SIPHIWE Gloria Ndlovu’s 2018 novel, The Theory of Flight, may be the first to take to take Zimbabwe’s complicated race politics, beyond the obvious black vs whites, seriously. Ndlovu (pictured) is a Zimbabwean-born novelist and filmmaker.
The novel takes place in an unnamed country and features a main character, Genie, who has fantastical beginnings.
Genie was not born; she hatches from a golden egg and dies by ascending above the clouds on silver wings. Though the setting is unnamed, it is obvious that Siphiwe is writing about Zimbabwe. As the judges of the 2022 edition of the Windham Campbell Prize described her this month, “Siphiwe Gloria Ndlovu is both a chronicler and a conjurer whose soaring imagination creates a Zimbabwean past made of anguish and hope, of glory and despair: the story of the generations born at the crossroads of a country’s history.” Siphiwe is from Zimbabwe’s second-largest city, Bulawayo, and this is where a lot of the action of the novel takes place.
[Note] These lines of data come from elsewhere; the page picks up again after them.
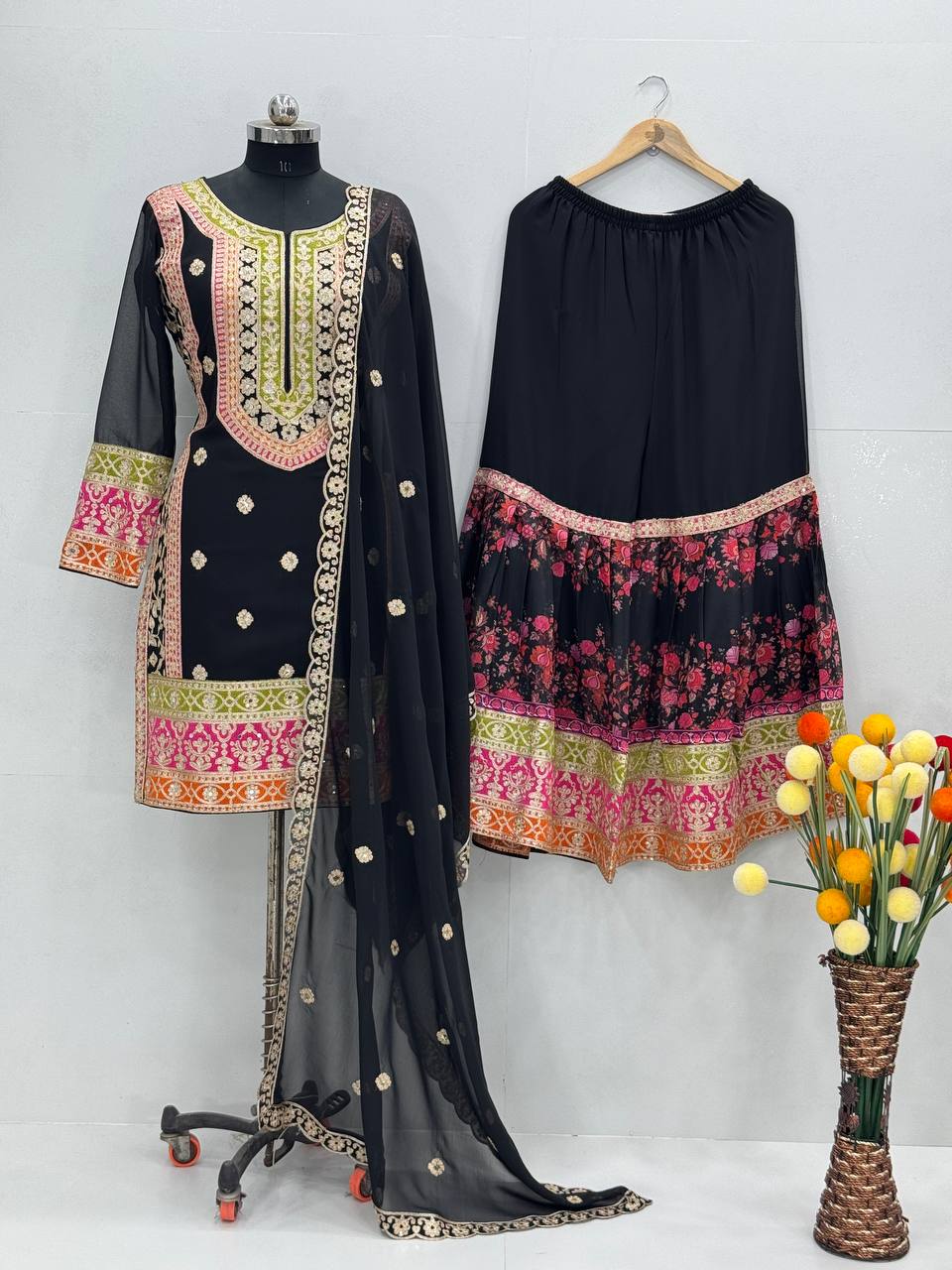 Delightful Black Color Heavy Fuax Georgette Embroidery Sequences Work Palazzo Suit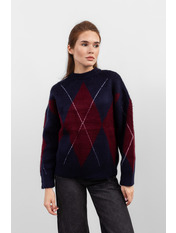 Светр прямий KOF-2411261 Синій one size Синьо-бордовий Синьо-бордовий one size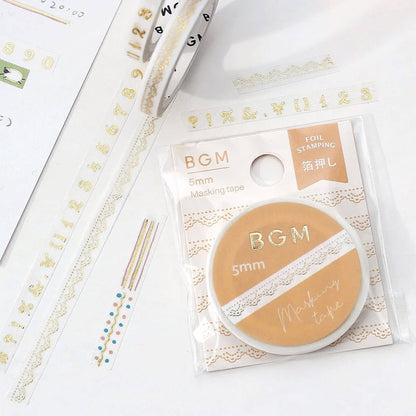 BGM Washi Tape Basic Foil Slim - Gold Lace - Washi Tapes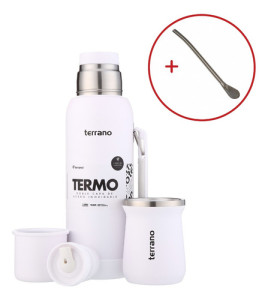 Kit Termo 1l Terrano C/base Silicona Mate Camionero Bombilla Blanco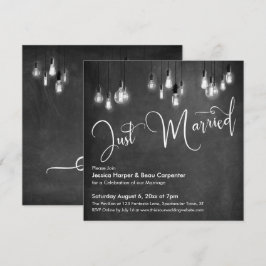 Invitación Recién Casados Tipografía, Luces de Edison, Pizarr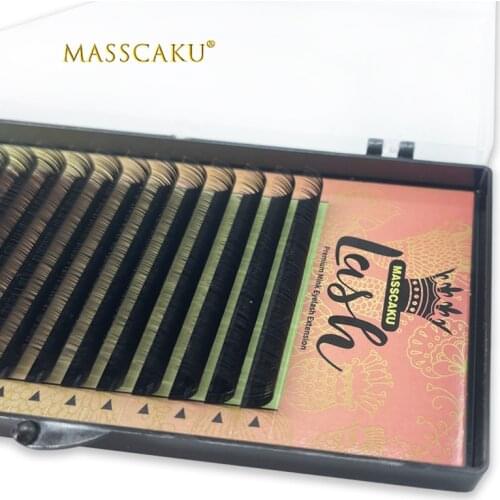 MASSCAKU 16rows/case Faux mink soft eyelash extension False eyelashes individual eyelashes premium maquiagem cilios makeup tool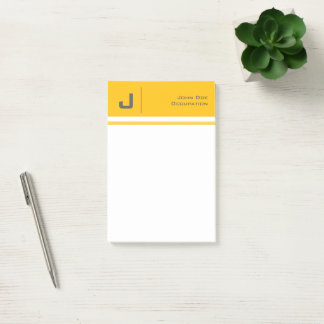 Custom Name Basic Clean Simple Minimalist Yellow Post-it Notes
Siphiwe studied screenwriting in a United States college and has a postgraduate degree in film. Her short film, Graffiti, has won film prizes such as the Silver Dhow Award at the Zanzibar International Film Festival in 2003. I have interviewed her before, discussing the Afrofuturist themes in The Theory of Flight (this was her first novel; her second is The History of Man). But this time, what interests me is how she writes about race in Zimbabwe in The Theory of Flight. I was struck by one character in particular: Vida, or Jesus, who is Genie’s great love. He is what is known in southern Africa as “coloured”—shorthand for a person of mixed race, though it points to a more complex history than just mixing. In a video interview with Siphiwe about The Theory of Flight, English professor Tsitsi Jaji, who is also from Zimbabwe, said about Vida/Jesus: “I have to say: I have never read a novel that took a coloured Zimbabwean seriously, as [someone with] a rich and complex inner life as well as social life, [like The Theory of Flight does].” The interview explores these themes.
Siphiwe Gloria Ndlovu (SGN) is interviewed by Sean Jacobs (SJ), founder and editor of Africa is a Country, faculty member of The New School and a Shuttleworth Fellow.
SJ: Do you think that The Theory of Flight’s combination of myth and actual history, especially postcolonial history, makes it possible to emphasize and complicate all kinds of Zimbabwean racial and ethnolinguistic identities?
SGN: I think being absolutely honest about Zimbabwe’s actual history is what makes it possible to show the complexities of Zimbabwean identity. If anything, I am writing against the nationalists’ myth of an uncomplicated nation—a nation whose people are encouraged to think about and discuss difference in the simplest of terms (black versus white, ethnic group A versus ethnic group B, etc.). But in order for this [mythological thinking] to happen, history—actual history—has to be misrepresented, mistaught, or simplified. Because history—actual history—never results in anything that simple. History—actual history—is extremely messy and complicated and often brutal, violent, and ugly. History—actual history—is about change, change that is the result of contact and encounter … and there is power at play in every contact, … in every encounter.
But that is exactly what we inherit: this messy, messy, knotty thing. So our desire to simplify it makes sense but does not lead to honesty. I do not particularly relish having to agree with Hegel on anything, but I do agree with his dialectic; once A encounters B the result is something new and different—it is change. In my work, I am trying to be honest about the changes that have happened throughout the country’s history and how these changes have impacted, and in some cases even created, particular “Zimbabwean” identities.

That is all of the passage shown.